The list of guidelines to allow students to go to school safely is long and complicated: new classroom designs to protect students, flexible school calendars to prepare for the unpredictable and additional teachers standing by in the event that a large number of them become incapacitated, to name just a few.
This agenda could easily be part of a plan to reopen schools in the middle of the COVID-19 pandemic—but it actually comes from a 2010 report on how Bangladesh can adapt its education system to climate change. Just a few years prior, thousands of schools in the country had flooded; dozens washed away entirely. It wouldn’t be the last time. Today, despite precautions, thousands of schools remain closed in Bangladesh as a third of the country is underwater.
Disruption to education of this scale is largely unfamiliar in the U.S., but COVID-19 has given Americans a hint. The particulars of adapting the U.S. educational system vary from place to place, but, in a sense, the unpredictable challenge offers a dry run for how the country’s educational system will be challenged to adapt to climate change and its various effects.
Disruption
The research into the links between climate change and education is in its early stages, but researchers can already identify a long list of potential disruptions.
The most obvious is the ability of climate-related disasters to force schools to shut down for days, weeks or months. This challenge has already harmed learning across the globe, from developing countries like Mozambique where more than 300,000 children had their education disrupted as a result of Cyclone Idai in 2019 to relatively wealthy locales like California and the surrounding area of Sydney, Australia, where wildfires have kept students out of the classroom for extended periods in recent years. And, because schools serve as a civic center in many communities, they are often turned into disaster response centers when they do survive disaster. That’s good for the people in desperate need of shelter, but it doesn’t do much to fulfill a school’s educational mission.
This problem is only compounded for communities that face repeated extreme weather events that create a pattern of disruption. “The linkages between the disruption of education, and climate change are fairly well established,” says Gautam Narasimhan, senior adviser for climate, energy, and environment at UNICEF. “If there’s repeated disruption to education, that makes a child far less likely to go back to school.”
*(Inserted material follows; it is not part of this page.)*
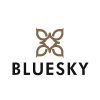 bluesky logo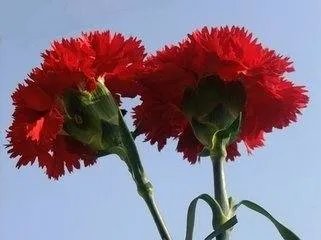 康乃馨图片红色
Temperature acts as a key instigator of climate-related education disruption. On a most basic level, warmer temperatures make it harder for students to focus and excel academically, research has shown. This is true in developing countries that lack access to air conditioning and wealthy countries like the U.S. alike. “There’s this comfortable window of temperature that people function well in,” says Heather Randell, a sociologist and demographer at Penn State University who studies climate change and education. “When the temperature exceeds that kids are not doing as well.”Research has also shown that even subtle changes in climate shape educational outcomes. In sub-Saharan Africa and Southeast Asia, two locales prone to drought and extreme temperatures, more rainfall means higher educational attainment. In places prone to storms like the Caribbean, increased rainfall is linked to lower educational achievement, according to research in the journal Proceedings of the National Academy of Sciences.
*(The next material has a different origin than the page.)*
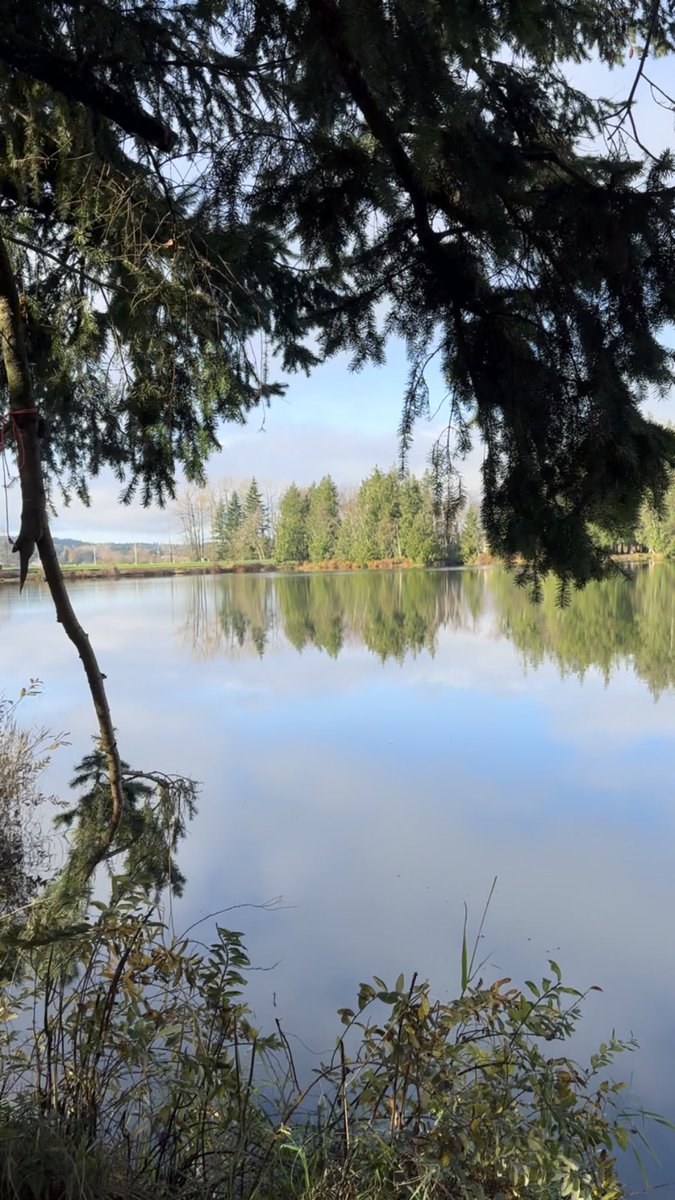 crizzybeez tweet media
Beyond the direct threats, climate change poses a much more insidious threat to learning in the developing world. If the family farm floods, for example, a child is much more likely to stay home to help the family earn a living. If a family can’t afford to put food on the table, children will lack proper nutrition and have trouble learning. These problems are worse for girls, who are often the first to be pulled out of school by families in need of extra help. Climate-related migration means consistently disrupting the network of teachers and community where a child learns.
Reopening
It’s hard to apply an educational lesson from the pandemic directly to climate change, in part because the path to reopening schools is so complicated. Facing different on-the-ground coronavirus realities, no two cities are having the exact same conversation.
But it’s clear that climate change may force educators to make similar calculations to those that have come in response to COVID-19. How can classrooms be renovated with resilience in mind? Is it safe to bring kids back to the classroom in the first place, or should they learn remotely? What about students who lack resources at home, whether that’s high-speed internet or air conditioning?
With both challenges, schools will be forced to work their way through these questions. If the COVID-19 pandemic is any hint, the educational system will be woefully unprepared; thinking about these concerns ahead of time can help mitigate that risk.